# Dog walking service



## aaingel (Jan 25, 2012)

In and around Harrow area available evenings and weekends. CRB checked. I owned dogs all of my life and appreciate everyone is different. I believe regular exercise can make all the difference to a dogs health both in mind and body.I have posted a photo of my own dog in the gallery please take a look. If you are interested in a dog walking service please contact Kathy


----------



## Manoy Moneelil (Sep 1, 2011)

IME people are more likely to contract you for walking etc from this forum if you an active member, something to consider.

Also most of the walkers that are serious about attracting custom will have a basic web page defining areas covered and factors like whether your van is equipped with cages and harnesses and a rate card etc.


----------



## MarcG (Jan 23, 2012)

Thanks

Unfortunately I've not been able to find a dog walker in the Telford area that does this, the couple I have found charge around £15 for an hour which to me sounds a lot.
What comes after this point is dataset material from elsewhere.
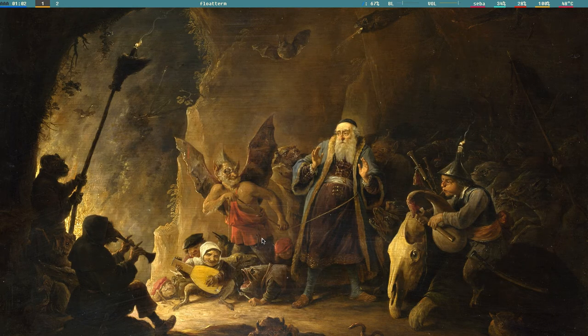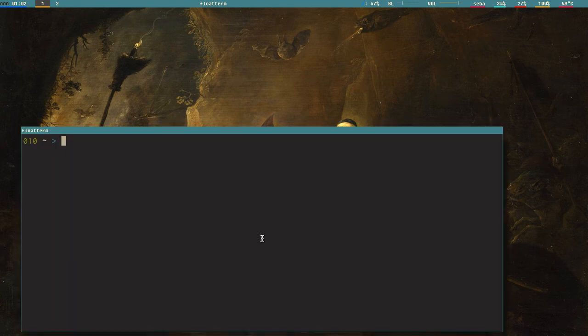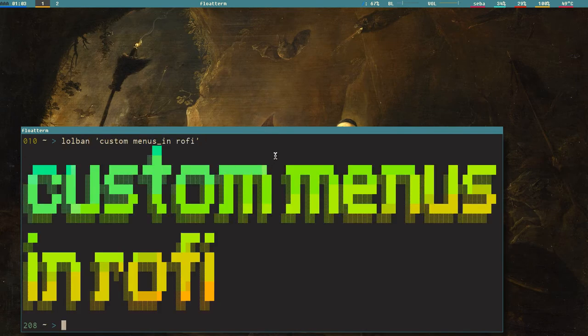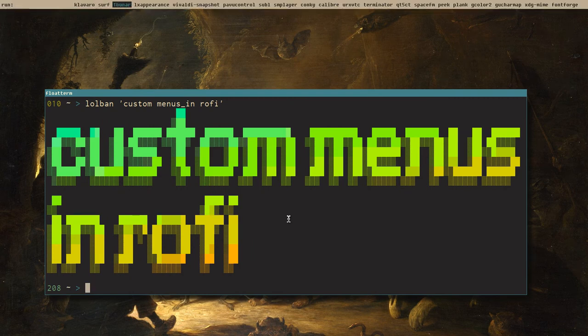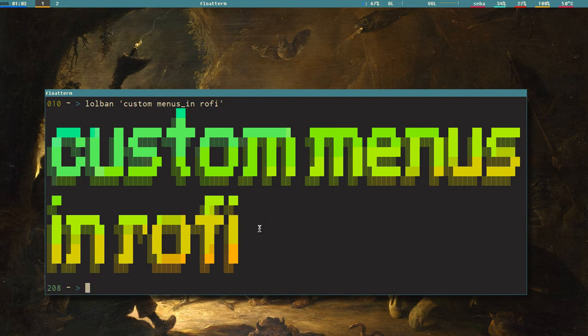Hello my friends, it's Budrich. It's a new episode of Let's Linux. I know this wallpaper is a bit scary for some of you, but it's what it is. I call this video 'Custom Menus in Rofi,' and today we will create our own menus so we don't have to just use it for application launching.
This is why I've resorted to posting messages on forumns.


----------



## Manoy Moneelil (Sep 1, 2011)

MarcG said:


> Unfortunately I've not been able to find a dog walker in the Telford area that does this, the couple I have found charge around £15 for an hour which to me sounds a lot. This is why I've resorted to posting messages on forumns.


Can you read my mind? :w00t:

I saw your forum post/thread and was tempted to respond suggesting that you edit the title from *Dog Walker Telford* to *Seeking Dog Walker: Telford*.

I'm sure I am not alone thinking that the thread was another advert for dog walking this time in the Telford area. But I see the problem in finding a good quality service amongst the masses advertising in the area.


----------